Omit all pictures, then retype the data exactly as given.
[[ Given information open ]]
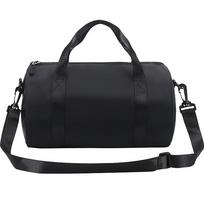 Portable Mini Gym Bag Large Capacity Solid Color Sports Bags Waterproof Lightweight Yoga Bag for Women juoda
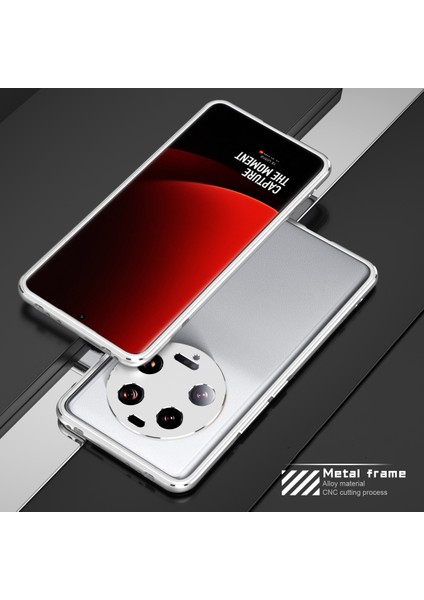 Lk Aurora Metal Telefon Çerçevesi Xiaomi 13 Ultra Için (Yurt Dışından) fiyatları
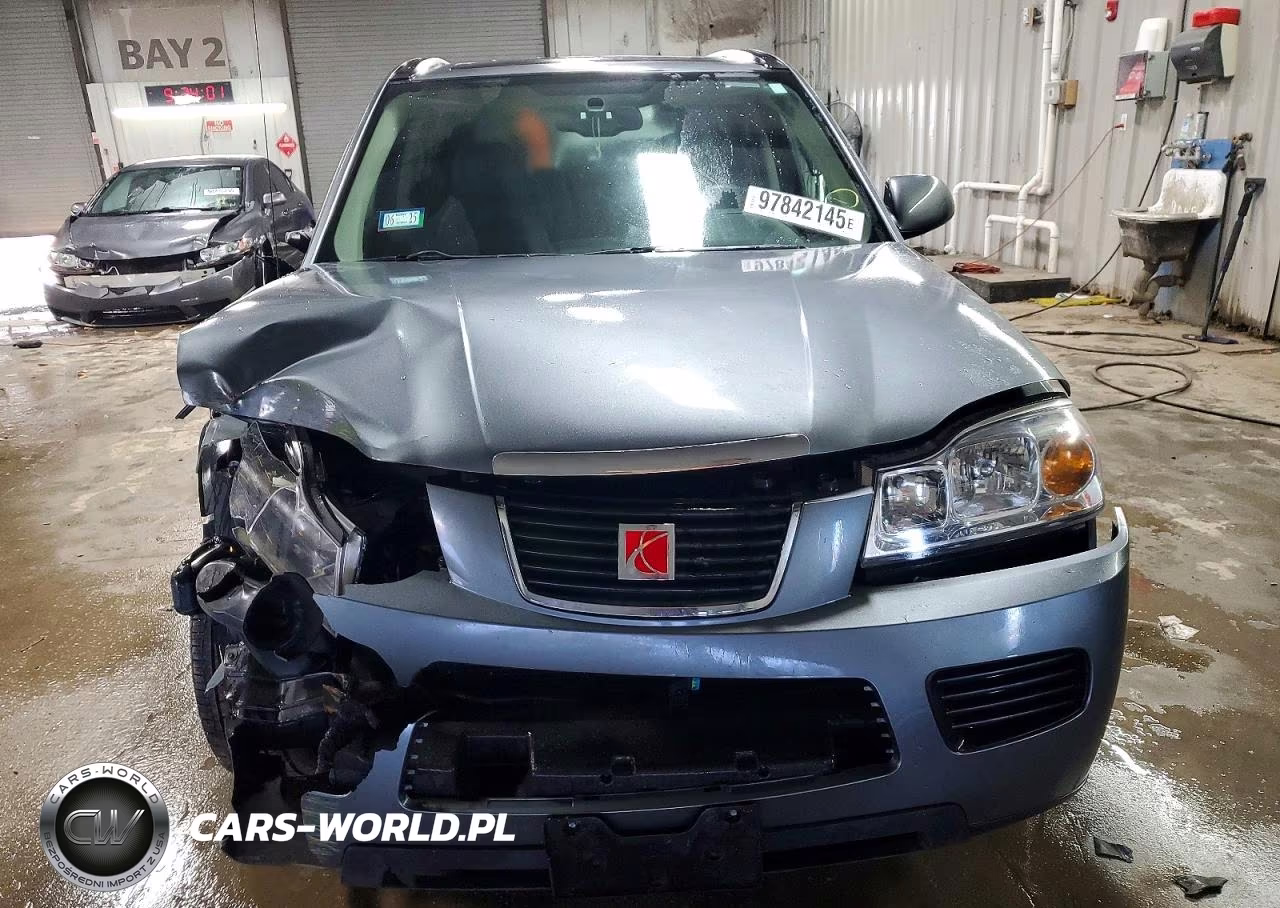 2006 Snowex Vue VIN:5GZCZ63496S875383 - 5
[[ Given information closed ]]
Response to the exercise.
 Portable Mini Gym Bag Large Capacity Solid Color Sports Bags Waterproof Lightweight Yoga Bag for Women juoda
 Lk Aurora Metal Telefon Çerçevesi Xiaomi 13 Ultra Için (Yurt Dışından) fiyatları
 2006 Snowex Vue VIN:5GZCZ63496S875383 - 5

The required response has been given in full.